Task brief >> Nothing but the lines from the one containing "this 310×174 image." through the end of the data below should appear in the answer, each exact and free of pictures.

[Saved data entries]
+++++
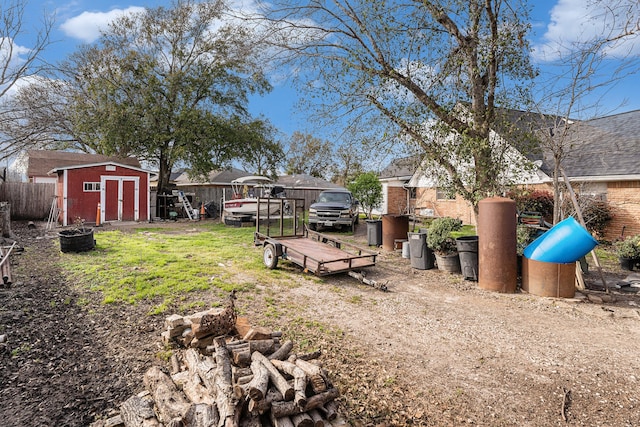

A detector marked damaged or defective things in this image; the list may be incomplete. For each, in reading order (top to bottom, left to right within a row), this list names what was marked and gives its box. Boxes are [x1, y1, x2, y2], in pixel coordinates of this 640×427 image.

rusty metal barrel [382, 216, 408, 252]
rusty metal barrel [478, 198, 516, 292]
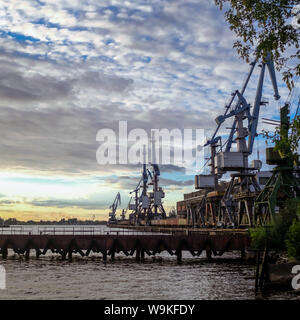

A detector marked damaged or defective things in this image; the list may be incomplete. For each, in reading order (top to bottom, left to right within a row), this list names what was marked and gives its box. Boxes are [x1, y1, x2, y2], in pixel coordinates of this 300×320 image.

rusty dock [0, 226, 250, 262]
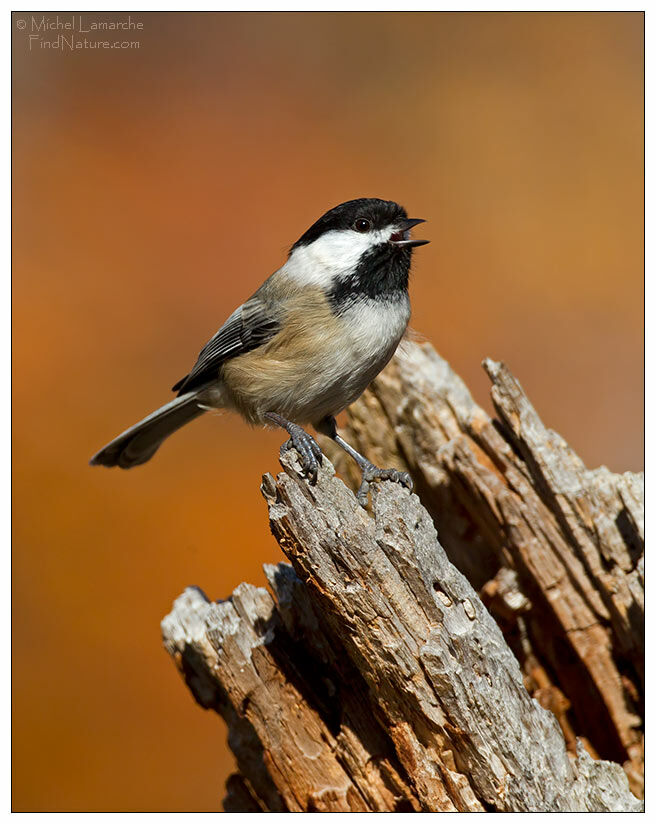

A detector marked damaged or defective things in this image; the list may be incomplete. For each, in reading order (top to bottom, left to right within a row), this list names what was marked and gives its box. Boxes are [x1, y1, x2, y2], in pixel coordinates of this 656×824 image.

splintered wood [161, 342, 644, 812]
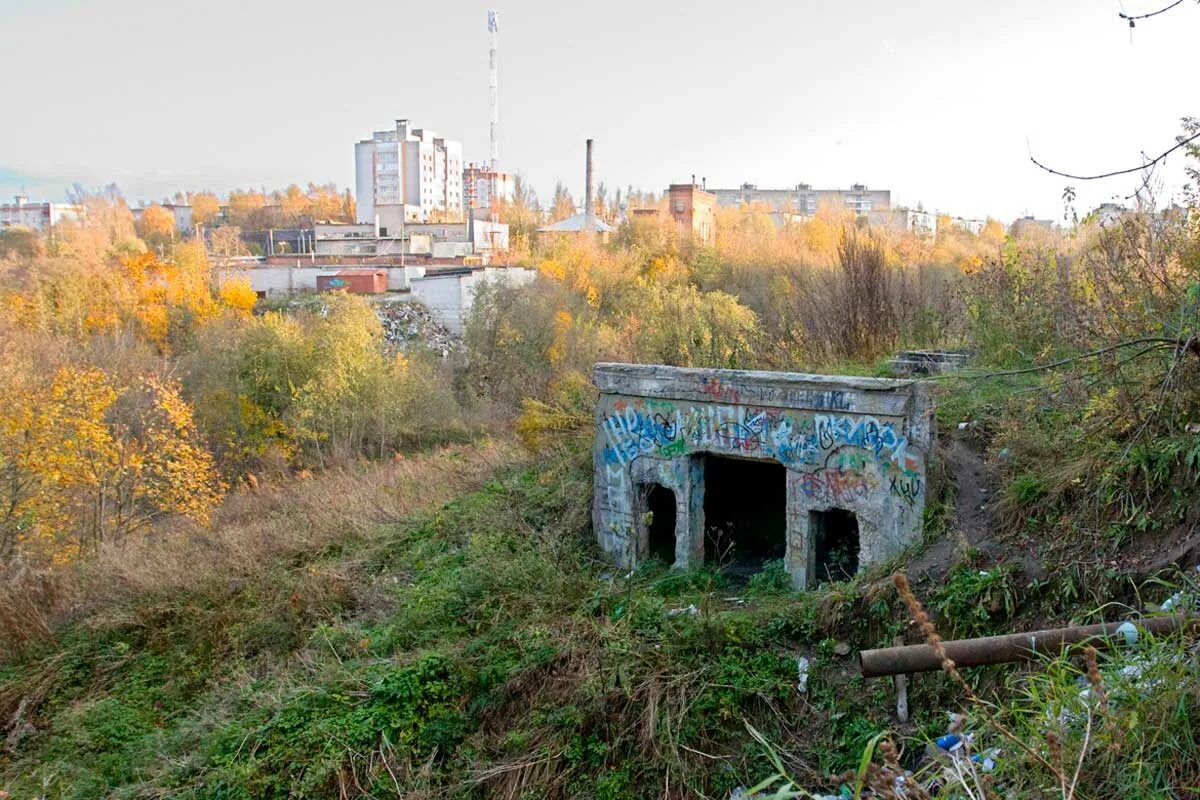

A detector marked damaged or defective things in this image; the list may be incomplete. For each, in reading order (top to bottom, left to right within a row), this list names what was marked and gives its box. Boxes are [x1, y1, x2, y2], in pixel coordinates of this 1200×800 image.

rusty metal pipe [864, 616, 1192, 680]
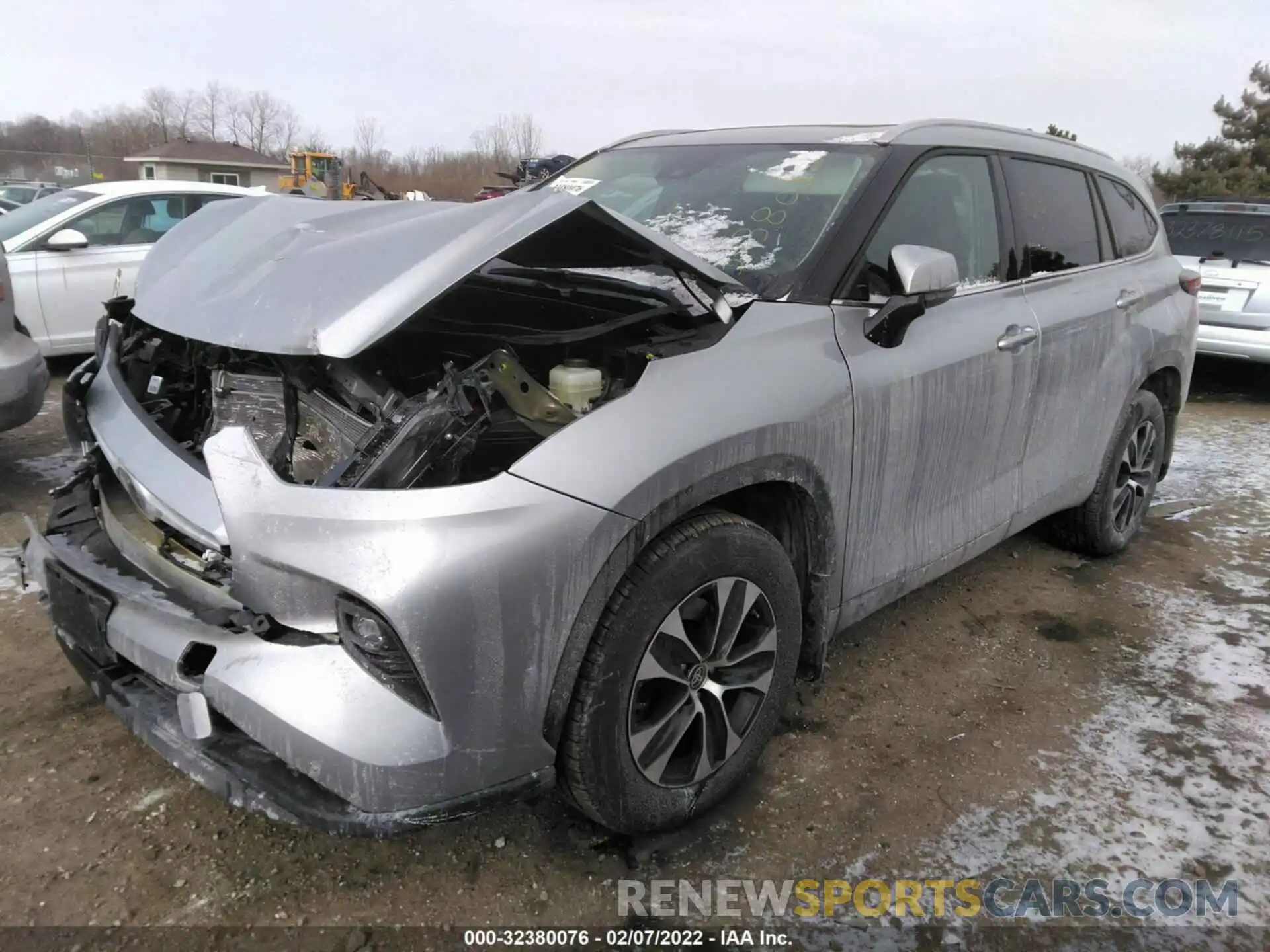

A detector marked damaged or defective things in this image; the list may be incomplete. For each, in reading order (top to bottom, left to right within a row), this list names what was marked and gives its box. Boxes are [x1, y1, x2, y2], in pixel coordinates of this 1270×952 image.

front bumper damaged [24, 350, 630, 832]
crumpled hood [131, 189, 741, 358]
damaged silver suv [27, 121, 1199, 832]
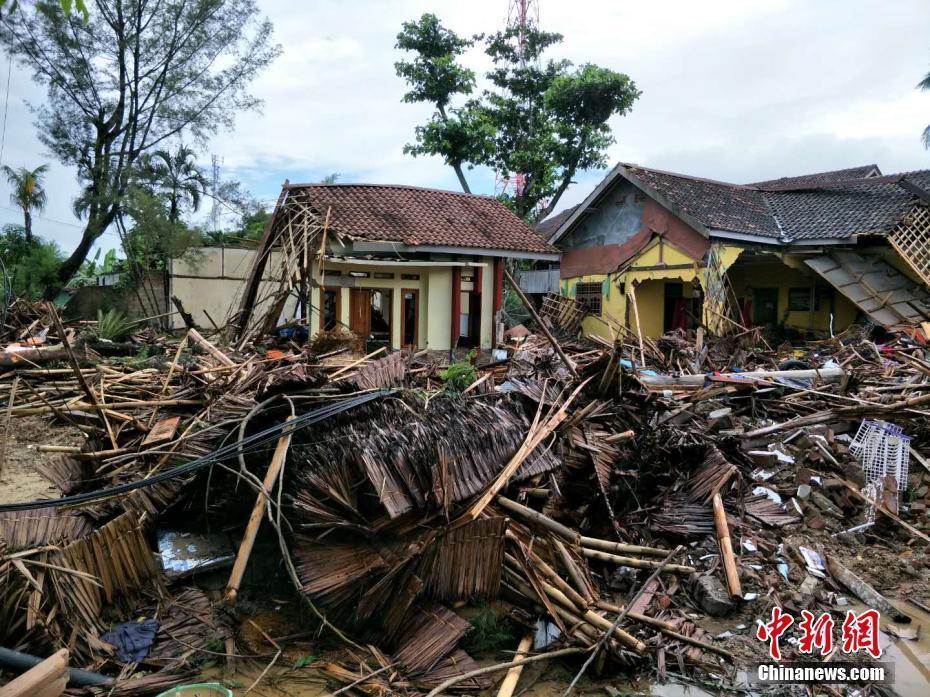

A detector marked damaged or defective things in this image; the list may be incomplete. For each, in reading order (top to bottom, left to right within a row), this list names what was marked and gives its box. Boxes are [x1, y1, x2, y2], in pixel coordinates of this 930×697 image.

broken roof [282, 182, 556, 258]
broken roof [544, 162, 928, 243]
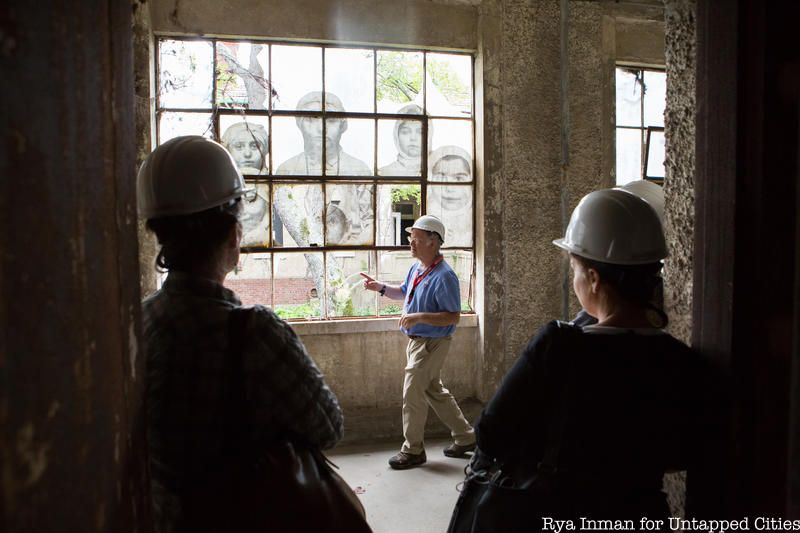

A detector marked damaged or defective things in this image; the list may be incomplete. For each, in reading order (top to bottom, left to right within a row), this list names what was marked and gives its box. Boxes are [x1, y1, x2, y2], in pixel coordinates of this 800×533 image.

broken window pane [158, 40, 214, 110]
broken window pane [158, 111, 214, 143]
broken window pane [217, 41, 270, 110]
broken window pane [220, 114, 270, 175]
broken window pane [270, 115, 318, 176]
broken window pane [272, 45, 322, 111]
broken window pane [324, 48, 376, 114]
broken window pane [330, 118, 374, 175]
broken window pane [376, 115, 422, 176]
broken window pane [376, 50, 424, 114]
broken window pane [428, 51, 472, 117]
broken window pane [432, 118, 476, 177]
broken window pane [616, 68, 640, 127]
broken window pane [620, 127, 644, 184]
broken window pane [644, 70, 668, 127]
broken window pane [648, 129, 664, 179]
peeling paint wall [664, 0, 692, 342]
broken window pane [239, 183, 270, 247]
broken window pane [274, 183, 324, 247]
broken window pane [326, 183, 374, 245]
broken window pane [378, 183, 422, 245]
broken window pane [428, 185, 472, 247]
peeling paint wall [0, 2, 150, 528]
broken window pane [225, 254, 272, 308]
broken window pane [274, 251, 320, 318]
broken window pane [324, 249, 376, 316]
broken window pane [378, 250, 418, 314]
broken window pane [440, 249, 472, 312]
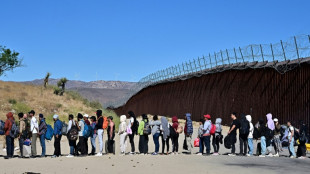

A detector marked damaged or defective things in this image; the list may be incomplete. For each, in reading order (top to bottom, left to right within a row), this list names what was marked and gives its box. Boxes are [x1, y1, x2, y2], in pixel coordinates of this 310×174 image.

rusty metal fence [104, 34, 310, 108]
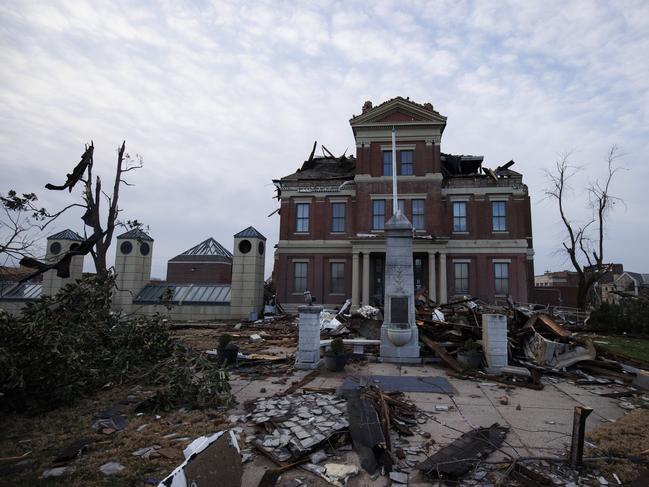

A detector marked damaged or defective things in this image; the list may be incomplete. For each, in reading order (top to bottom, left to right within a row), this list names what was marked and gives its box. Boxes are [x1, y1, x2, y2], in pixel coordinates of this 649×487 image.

broken window frame [296, 202, 312, 233]
broken window frame [450, 201, 466, 234]
broken window frame [292, 264, 308, 294]
shattered slate [249, 392, 350, 462]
+++++
Solution below >>
A detector marked damaged or defective things in this image; the list may be incomplete. For each, in reading order (top to bottom, left to right within a row), this list names what was marked and gives its box. Boxes are [x1, y1, x2, y2], in pixel coordinates of this 310×174 image.

rusty metal fence [104, 34, 310, 108]

A detector marked damaged or defective things in this image; the list may be incomplete. For each, in reading order (top to bottom, left to right within a row), this list names what was marked and gives its box. Boxes are [x1, y1, x2, y2], in pixel coordinates of this 649×487 image.

broken window frame [296, 202, 312, 233]
broken window frame [450, 201, 466, 234]
broken window frame [292, 264, 308, 294]
shattered slate [249, 392, 350, 462]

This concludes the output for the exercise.